Prédication
Prendre soin des morts, se raconter leurs histoires pour continuer à la faire vivre dans notre monde, c’est une partie de ce qui caractérise l’humanité… la parole de Jésus, ordonnant de laisser les morts ensevelir les morts, nous heurte profondément ! Comme toujours avec Jésus, elle provoque la réflexion, elle nous convoque à poser une parole qui nous soit propre. Les morts ne font plus rien et évidemment pas un travail de fossoyeurs… c’est donc ailleurs qu’il faut chercher le chemin que Jésus tente de nous indiquer. Réfléchissons ensemble.
Faire mémoire des morts, les nôtres, nos proches, ou ceux de la grande histoire, c’est reconnaître notre dette envers elles et eux : nous ne venons pas de nulle part, nous sommes le fruit d’une histoire qui nous précédera toujours, et de relations qui nous façonnent. Il est important de prendre le temps d’y penser de temps en temps, peut-être plus encore dans notre société qui nous veut tellement détaché-es les un-es des autres, centré-es sur nous-mêmes, bercé-es de l’illusion que tout dépend de nous, de notre volonté, de notre travail, de notre manière de consommer, etc. Faire mémoire de celles et ceux qui nous ont précédé-es, de leurs vies, de leurs aspirations, de leurs élans, c’est se réinscrire dans une histoire collective d’interdépendance, une histoire qui s’inscrit dans un temps long. Nos mort-es, que ce soient celles et ceux de notre entourage ou celles et ceux qui ont marqué la grande histoire, ne sont jamais seulement les nôtres. En faire mémoire, que ce soit dans un service funèbre, ou dans un moment de commémoration, c’est donc nécessairement mettre ensemble plusieurs mémoires, constater parfois un conflit des mémoires, s’étonner de la mémoire des autres. Ce processus nous oblige à retrouver une dimension collective.

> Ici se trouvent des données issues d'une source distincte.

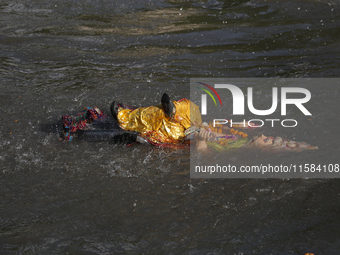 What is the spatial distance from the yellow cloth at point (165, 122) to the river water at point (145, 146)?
10.6 inches

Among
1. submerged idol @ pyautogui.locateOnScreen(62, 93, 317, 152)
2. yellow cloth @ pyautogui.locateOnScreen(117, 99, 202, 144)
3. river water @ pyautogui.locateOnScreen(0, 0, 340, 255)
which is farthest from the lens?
yellow cloth @ pyautogui.locateOnScreen(117, 99, 202, 144)

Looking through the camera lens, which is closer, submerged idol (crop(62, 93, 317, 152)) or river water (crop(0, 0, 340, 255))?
river water (crop(0, 0, 340, 255))

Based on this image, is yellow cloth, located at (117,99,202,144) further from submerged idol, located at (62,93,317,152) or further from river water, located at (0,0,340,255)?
river water, located at (0,0,340,255)

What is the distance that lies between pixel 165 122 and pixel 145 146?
55cm

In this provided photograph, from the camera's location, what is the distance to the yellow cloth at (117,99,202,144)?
507 centimetres

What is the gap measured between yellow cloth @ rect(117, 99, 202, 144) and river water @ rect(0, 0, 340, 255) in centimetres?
27

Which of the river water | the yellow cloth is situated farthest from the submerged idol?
the river water

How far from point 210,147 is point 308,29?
5.55m

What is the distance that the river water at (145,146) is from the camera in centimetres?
393

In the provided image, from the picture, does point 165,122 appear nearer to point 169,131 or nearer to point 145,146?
point 169,131

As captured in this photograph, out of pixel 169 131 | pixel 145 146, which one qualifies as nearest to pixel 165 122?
pixel 169 131

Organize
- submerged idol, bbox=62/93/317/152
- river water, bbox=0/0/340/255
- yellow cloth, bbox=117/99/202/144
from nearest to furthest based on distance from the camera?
river water, bbox=0/0/340/255, submerged idol, bbox=62/93/317/152, yellow cloth, bbox=117/99/202/144

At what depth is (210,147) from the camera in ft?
16.6

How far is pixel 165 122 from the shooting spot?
5086 millimetres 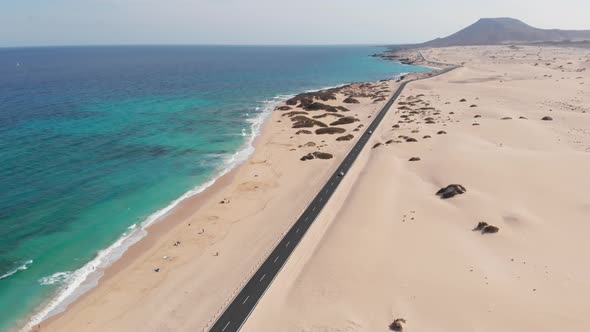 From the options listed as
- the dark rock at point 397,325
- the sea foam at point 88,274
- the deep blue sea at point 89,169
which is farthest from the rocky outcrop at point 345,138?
the dark rock at point 397,325

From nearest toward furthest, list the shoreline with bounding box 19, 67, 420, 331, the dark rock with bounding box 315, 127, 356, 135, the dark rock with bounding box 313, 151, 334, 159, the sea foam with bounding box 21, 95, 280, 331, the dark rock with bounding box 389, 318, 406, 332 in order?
the dark rock with bounding box 389, 318, 406, 332, the sea foam with bounding box 21, 95, 280, 331, the shoreline with bounding box 19, 67, 420, 331, the dark rock with bounding box 313, 151, 334, 159, the dark rock with bounding box 315, 127, 356, 135

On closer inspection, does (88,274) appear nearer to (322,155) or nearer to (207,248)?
(207,248)

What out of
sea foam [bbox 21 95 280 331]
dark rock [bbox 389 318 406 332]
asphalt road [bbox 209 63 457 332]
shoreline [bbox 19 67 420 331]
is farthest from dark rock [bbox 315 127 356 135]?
dark rock [bbox 389 318 406 332]

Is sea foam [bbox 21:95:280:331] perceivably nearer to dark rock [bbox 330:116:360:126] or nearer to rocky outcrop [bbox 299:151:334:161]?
rocky outcrop [bbox 299:151:334:161]

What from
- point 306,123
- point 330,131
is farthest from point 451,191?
point 306,123

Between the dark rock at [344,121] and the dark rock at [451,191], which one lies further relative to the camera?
the dark rock at [344,121]

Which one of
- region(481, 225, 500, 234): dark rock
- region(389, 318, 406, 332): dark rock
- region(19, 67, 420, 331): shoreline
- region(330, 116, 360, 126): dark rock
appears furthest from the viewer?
region(330, 116, 360, 126): dark rock

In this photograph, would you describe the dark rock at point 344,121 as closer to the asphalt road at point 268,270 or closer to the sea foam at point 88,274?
the asphalt road at point 268,270
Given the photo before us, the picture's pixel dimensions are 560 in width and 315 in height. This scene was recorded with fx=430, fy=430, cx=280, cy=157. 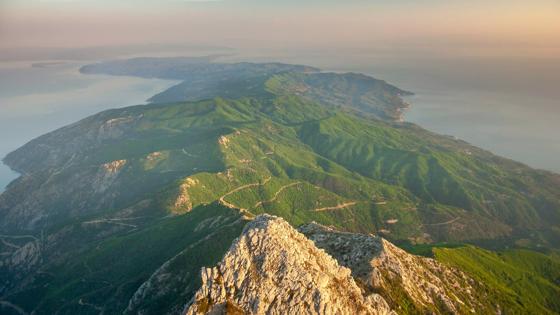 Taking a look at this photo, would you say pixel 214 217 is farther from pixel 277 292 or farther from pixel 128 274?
pixel 277 292

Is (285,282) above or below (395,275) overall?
above

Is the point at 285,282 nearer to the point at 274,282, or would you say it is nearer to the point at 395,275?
the point at 274,282

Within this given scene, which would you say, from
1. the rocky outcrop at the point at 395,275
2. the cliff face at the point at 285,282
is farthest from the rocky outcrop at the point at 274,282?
the rocky outcrop at the point at 395,275

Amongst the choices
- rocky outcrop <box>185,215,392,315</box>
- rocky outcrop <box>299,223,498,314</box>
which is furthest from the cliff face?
rocky outcrop <box>299,223,498,314</box>

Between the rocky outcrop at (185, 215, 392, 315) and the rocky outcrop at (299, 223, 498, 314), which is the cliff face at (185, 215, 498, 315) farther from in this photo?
the rocky outcrop at (299, 223, 498, 314)

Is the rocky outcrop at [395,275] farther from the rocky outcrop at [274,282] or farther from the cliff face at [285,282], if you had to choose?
the rocky outcrop at [274,282]

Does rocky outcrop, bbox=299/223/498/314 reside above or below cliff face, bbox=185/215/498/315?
below

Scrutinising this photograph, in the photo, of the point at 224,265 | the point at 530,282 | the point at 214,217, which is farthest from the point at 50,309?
the point at 530,282

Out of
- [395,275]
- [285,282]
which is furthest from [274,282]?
[395,275] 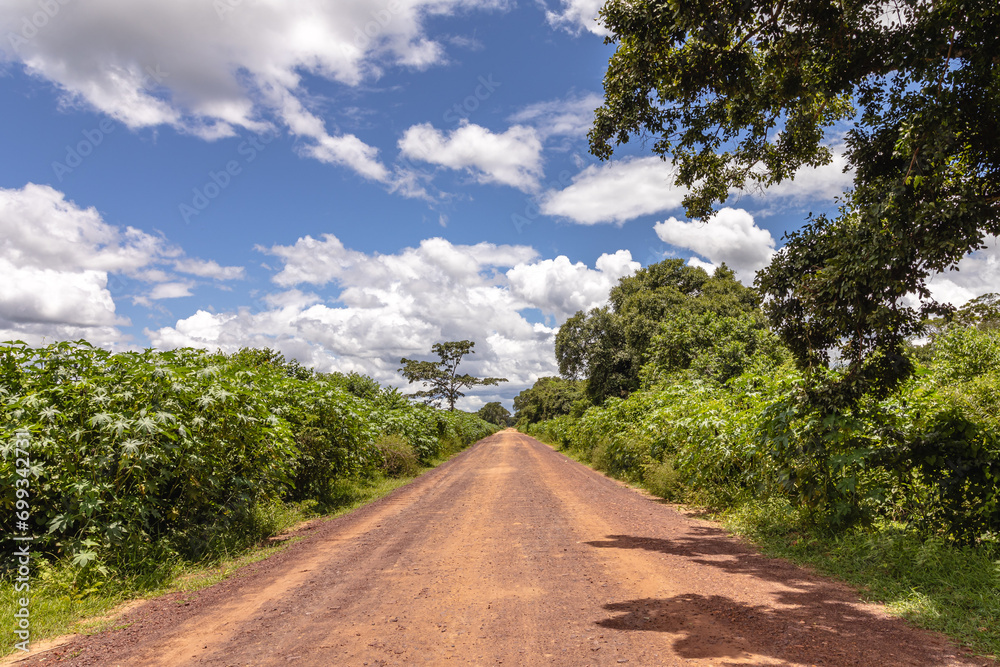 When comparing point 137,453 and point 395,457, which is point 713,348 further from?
point 137,453

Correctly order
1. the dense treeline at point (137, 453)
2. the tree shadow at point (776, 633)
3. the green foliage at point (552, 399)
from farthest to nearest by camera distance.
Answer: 1. the green foliage at point (552, 399)
2. the dense treeline at point (137, 453)
3. the tree shadow at point (776, 633)

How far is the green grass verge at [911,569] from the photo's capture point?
15.1 ft

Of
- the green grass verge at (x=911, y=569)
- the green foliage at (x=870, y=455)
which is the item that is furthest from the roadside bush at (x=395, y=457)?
the green grass verge at (x=911, y=569)

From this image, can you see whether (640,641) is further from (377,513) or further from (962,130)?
(377,513)

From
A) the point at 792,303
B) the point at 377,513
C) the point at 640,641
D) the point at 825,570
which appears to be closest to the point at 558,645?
the point at 640,641

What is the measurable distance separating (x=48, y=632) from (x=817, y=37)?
11.0m

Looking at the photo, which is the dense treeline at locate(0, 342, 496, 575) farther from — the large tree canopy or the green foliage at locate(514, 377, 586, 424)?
the green foliage at locate(514, 377, 586, 424)

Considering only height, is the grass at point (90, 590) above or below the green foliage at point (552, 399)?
below

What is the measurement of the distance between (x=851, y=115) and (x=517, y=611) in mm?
9394

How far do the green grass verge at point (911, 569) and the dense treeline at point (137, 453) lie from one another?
25.9 feet

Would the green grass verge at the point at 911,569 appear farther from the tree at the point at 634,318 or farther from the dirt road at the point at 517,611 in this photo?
the tree at the point at 634,318

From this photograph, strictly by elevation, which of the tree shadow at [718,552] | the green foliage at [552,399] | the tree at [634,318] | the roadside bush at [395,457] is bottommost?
the tree shadow at [718,552]

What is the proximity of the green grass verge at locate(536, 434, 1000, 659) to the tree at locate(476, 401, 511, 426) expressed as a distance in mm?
139000

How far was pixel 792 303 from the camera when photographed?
22.9 ft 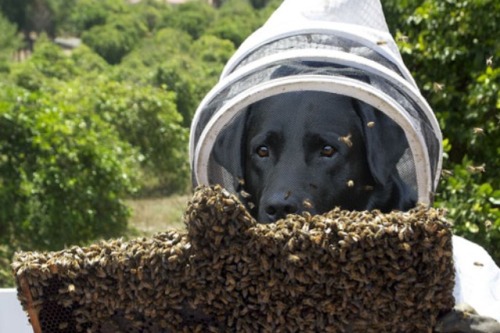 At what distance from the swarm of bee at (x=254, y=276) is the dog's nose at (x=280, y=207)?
0.44 m

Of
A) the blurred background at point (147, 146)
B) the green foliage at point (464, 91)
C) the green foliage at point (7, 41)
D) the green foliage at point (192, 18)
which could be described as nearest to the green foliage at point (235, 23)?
the green foliage at point (192, 18)

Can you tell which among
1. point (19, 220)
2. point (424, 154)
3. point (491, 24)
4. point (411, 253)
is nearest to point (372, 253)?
point (411, 253)

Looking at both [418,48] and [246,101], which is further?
[418,48]

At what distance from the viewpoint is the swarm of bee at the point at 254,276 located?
1.83m

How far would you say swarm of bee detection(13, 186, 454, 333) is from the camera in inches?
71.9

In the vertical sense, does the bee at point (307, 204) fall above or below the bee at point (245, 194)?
above

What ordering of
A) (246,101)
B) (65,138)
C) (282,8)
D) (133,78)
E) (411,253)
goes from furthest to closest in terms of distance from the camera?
(133,78)
(65,138)
(282,8)
(246,101)
(411,253)

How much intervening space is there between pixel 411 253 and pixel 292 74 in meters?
0.90

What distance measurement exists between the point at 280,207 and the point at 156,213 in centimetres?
1245

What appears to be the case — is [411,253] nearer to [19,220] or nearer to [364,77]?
[364,77]

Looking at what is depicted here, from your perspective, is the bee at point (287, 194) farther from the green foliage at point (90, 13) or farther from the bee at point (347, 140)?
the green foliage at point (90, 13)

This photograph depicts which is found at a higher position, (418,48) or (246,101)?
(246,101)

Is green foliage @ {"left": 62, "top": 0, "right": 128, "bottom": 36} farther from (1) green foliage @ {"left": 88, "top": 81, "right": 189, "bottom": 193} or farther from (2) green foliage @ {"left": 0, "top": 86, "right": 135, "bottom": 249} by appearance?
(2) green foliage @ {"left": 0, "top": 86, "right": 135, "bottom": 249}

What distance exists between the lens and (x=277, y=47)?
2.72m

Tout cela est nécessaire et important, mais comporte des risques.
D’abord celui de transformer nos mort-es en idoles mortifères, dont on pense avoir tout compris et qu’on fige ainsi dans une image nécessairement faussée. Mais chaque être humain, image et ressemblance de Dieu, recèle une part de mystère qui nous échappera toujours. On n’a jamais fini d’en faire le tour, on ne peut pas lui poser d’étiquette définitive, et c’est vraiment une bonne nouvelle ! Si donc on entreprend le travail de mémoire pour comprendre le tout d’une personne, pour la classer du côté des « bons » ou des « méchants », on ne peut que se tromper sur elle comme sur nous. Et c’est ainsi que l’on voit apparaître des figures, familiales ou collectives, auxquelles il devient impossible de toucher, des personnes mises sur un piédestal qu’on veut le plus solide possible.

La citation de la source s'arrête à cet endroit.